_What the task asks_
Only the lines from the one that contains "Zona 2: Barrios" to the last line below, both included, should be transcribed. Pictures stay out of the copy.

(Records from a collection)
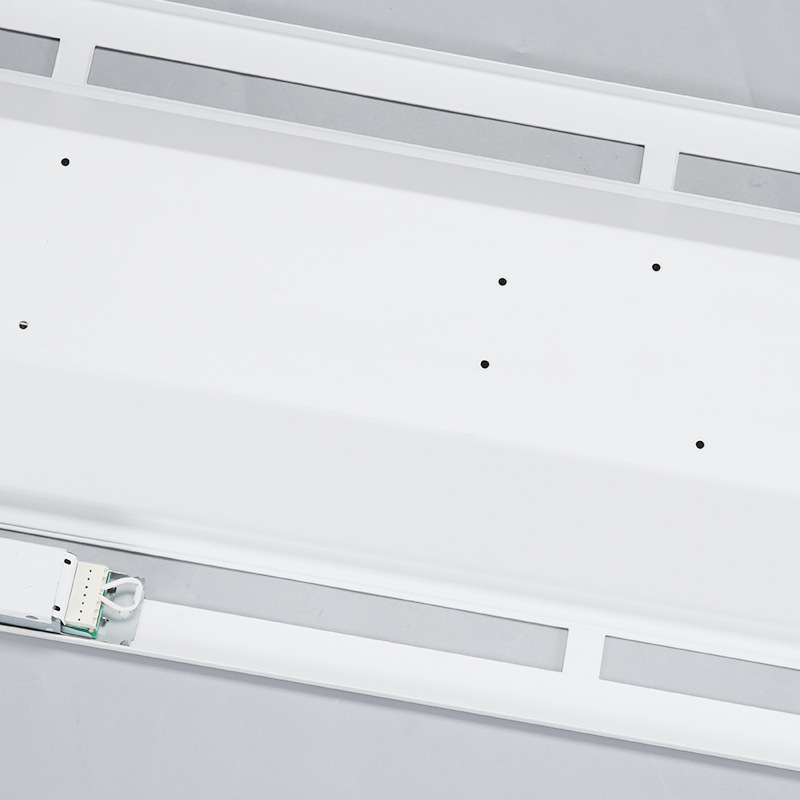 LED panel air-conditioning light embedded in office skylight aluminium rectangular air-conditioning light engineering lighting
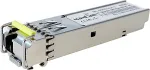 MAXLINK 1.25G SFP optical module, WDM(BiDi), SM, Tx1550/Rx1310nm, 3km, industrial -40C+85C, 1x LC, DDM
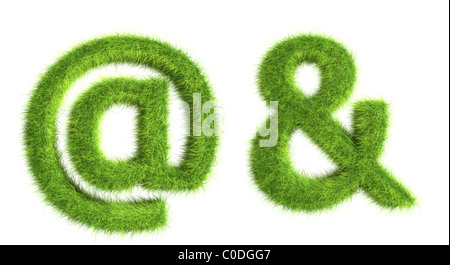 Grass-Symbole Stockfoto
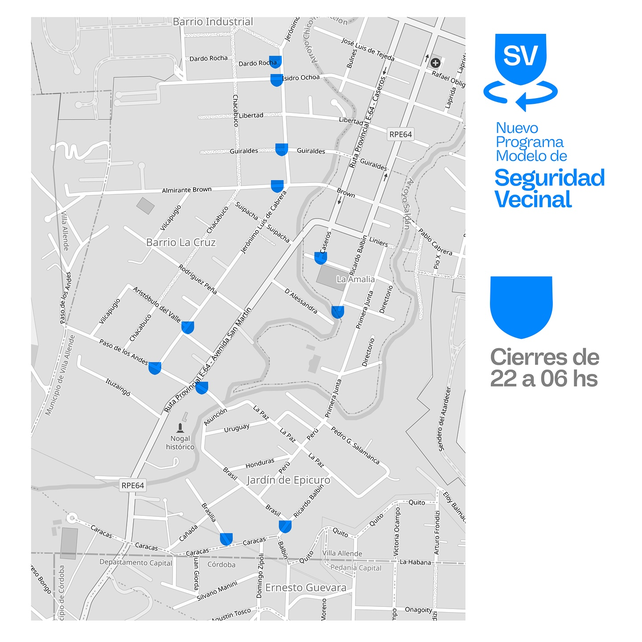 Zona 2: Barrios La Cruz, La Amalia y Jardín Epicuro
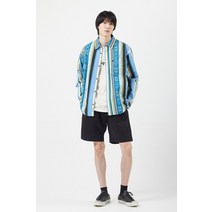 CARHARTT WIP 로튼 쇼트 베스탈 - BLACK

_Expected output_
 Zona 2: Barrios La Cruz, La Amalia y Jardín Epicuro
 CARHARTT WIP 로튼 쇼트 베스탈 - BLACK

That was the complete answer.